To give an example scenario.
I have a UserInformation in a table with below columns.
UserId,
UserName,
UserAddress,
UpdatedDate.
I need to get the latest Updated record for each User.(only one record per user)
I am using Hive Query to get the data like below.
SELECT u.UserId, u.UserName, u.UserAddress FROM ( SELECT ROW_NUMBER() OVER (PARTITION BY UserId ORDER BY UpdatedDate DESC) AS RowRank, UserId, UserName, UserAddress, UpdatedDate, FROM UserInformation ) u WHERE u.RowRank = 1;
Is it possible to do the same in Alteryx with In-DB modules?
Solved! Go to Solution.
I am not quite sure how efficient it will be but you could:
I don't have access to a Hive server but connected to a SQL SERVER you can create the RowNumber using a formula in-db and then user a filter in-db to select just the latest record:
Both Answers work on Hive, the second one is faster.

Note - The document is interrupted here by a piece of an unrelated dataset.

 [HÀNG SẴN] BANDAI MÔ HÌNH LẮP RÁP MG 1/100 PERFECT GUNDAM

This first answer works but doesn't look to be very efficient, The answer by "jdunkerley79" looks better to me.
Thanks for the contributing.
I have one additional question on the same dataset. I am trying to capture change of Name or Address. I use HQL to do this and looking to see if this can be done in-DB using Alteryx.

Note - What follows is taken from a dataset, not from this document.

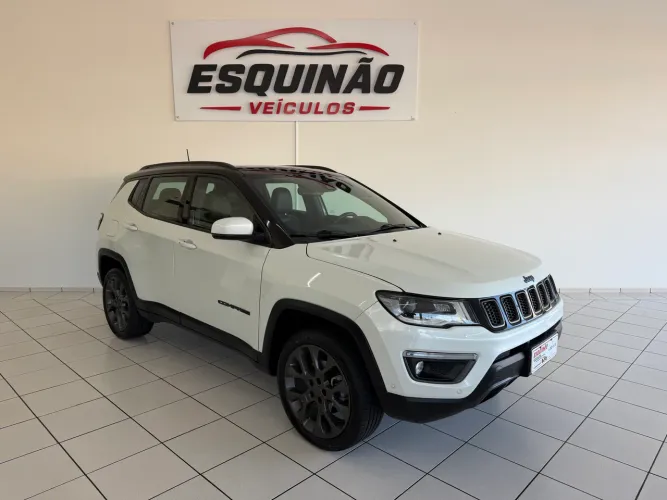 Jeep Compass S 2.0 4X4 TB 16V Diesel Aut. 2021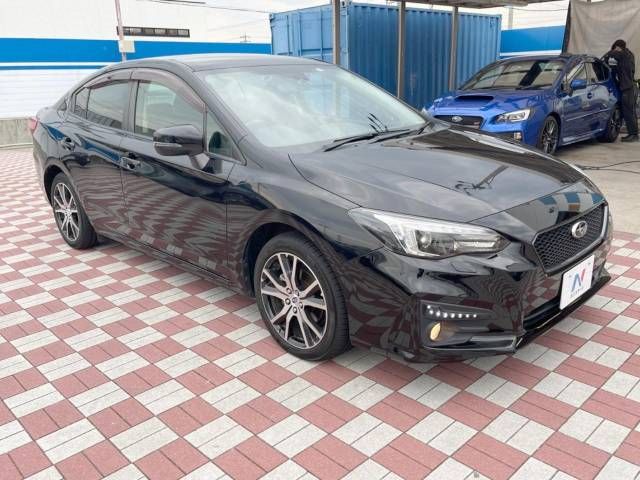 Subaru IMPREZA G4 2017-10 18161-17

Select UserId from ( Select UserId, UserName, (LEAD(UserName, 1) OVER (PARTITION BY UserId ORDER BY UpdatedDate DESC)) AS prev_UserName, UserAddress, (LEAD(UserAddress, 1) OVER (PARTITION BY UserId ORDER BY UpdatedDate DESC)) AS prev_UserAddress From UserInformation ) u Where u.UserName <> u.prev_UserName or u.UserAddress <> u.prev_UserAddress
A formula-InDB can solve the LAG and LEAD window function as well.
LEAD(UserAddress, 1) OVER (PARTITION BY UserAddress ORDER BY UpdatedDate DESC).
Thanks
@JoeS thank you, this suggestion helped me in my use case and was pretty effective considering i have a large data set to work with.